We met one guy, Jehangir, who works at Future Hope now. He was interested in how we knew about it, and where we were staying. When we told him our hotel was on Sudder Street he said he feels different each time he goes there as he began life in the Salvation Army right on that street. We also met two guys who were best friends, and home from their jobs in London and Mumbai for just a few days. They had grown up together in the home there and look at Tim like their own Dad. They seemed such well rounded happy guys, and it’s so hard to think of the many other children who just don’t get the chance to develop into people like this.
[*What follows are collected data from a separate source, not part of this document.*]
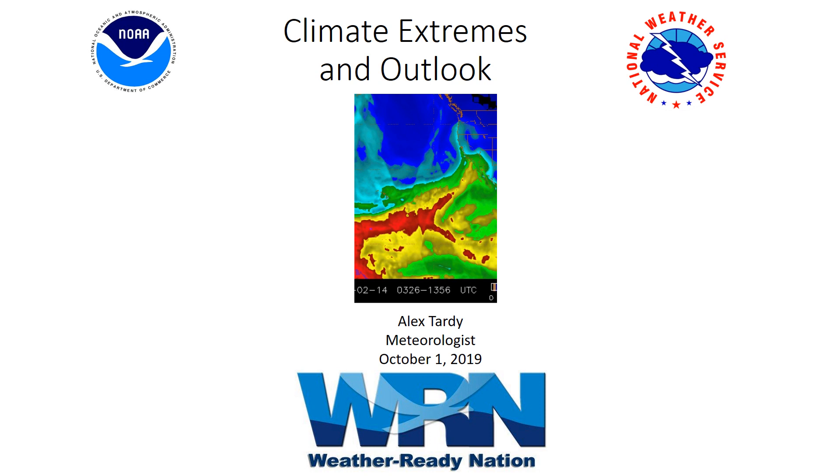Hi everyone, it's October 1st. We'd like to take the time to give you an update on the climate extremes and the outlook for the fall and winter 2019-20. This is meteorologist Alex Tardy with the National Weather Service.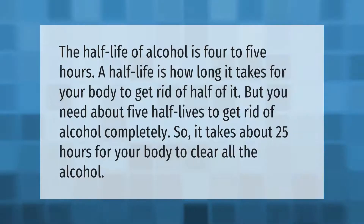The half-life of alcohol is four to five hours. A half-life is how long it takes for your body to get rid of half of it. But you need about five half-lives to get rid of alcohol completely, so it takes about 25 hours for your body to clear all the alcohol.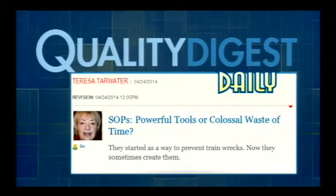Turning to another feature article: 'SOPs: Powerful Tools or Colossal Waste of Time?' by Theresa Tarwater, which ran in Thursday's issue of Quality Digest Daily. Until reading this piece, I had no idea that standard operating procedures were developed to prevent train wrecks — literally. They were initially developed by the railroad industry in the late 19th century to help prevent trains from running into each other, to coordinate schedules, and make sure engineers were on the same page.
Click here to look at the website for Future Hope for more details about fundraising and donations.

http://www.futurehope.net

Unfortunately my Dad got sick the next day, and so the final two days of our three weeks together were very low key and relaxed.

We did, however, make it over to the Botanical Gardens where we saw The Giant Banyan Tree. It’s a type of a fig tree that climbs on other trees and wraps around them until the suffocate, and so they die. The Banyan Tree then hangs down roots which then turn into trunks. This one tree now has 3618 trunks, and covers 450 square metres. The original tree died off 250 years ago.

And that was our last day of our journey together! Three weeks, seven places, buses, trains, taxis and planes, it all came to an end the following morning at Calcutta airport.

We had used a lovely taxi driver called Hari for the past couple of days. He was desperate for his son to go to Canada. As soon as he heard that we were from the UK he wanted us to tell him all about Canada. Yes, we were just as confused as you are right now!

He took us to the airport early the final morning where we checked in for our different flights, Dad, to Bangalore, to see an old colleague from the Botanics, and me to Kochi, via Mumbai, to join a tour of the South!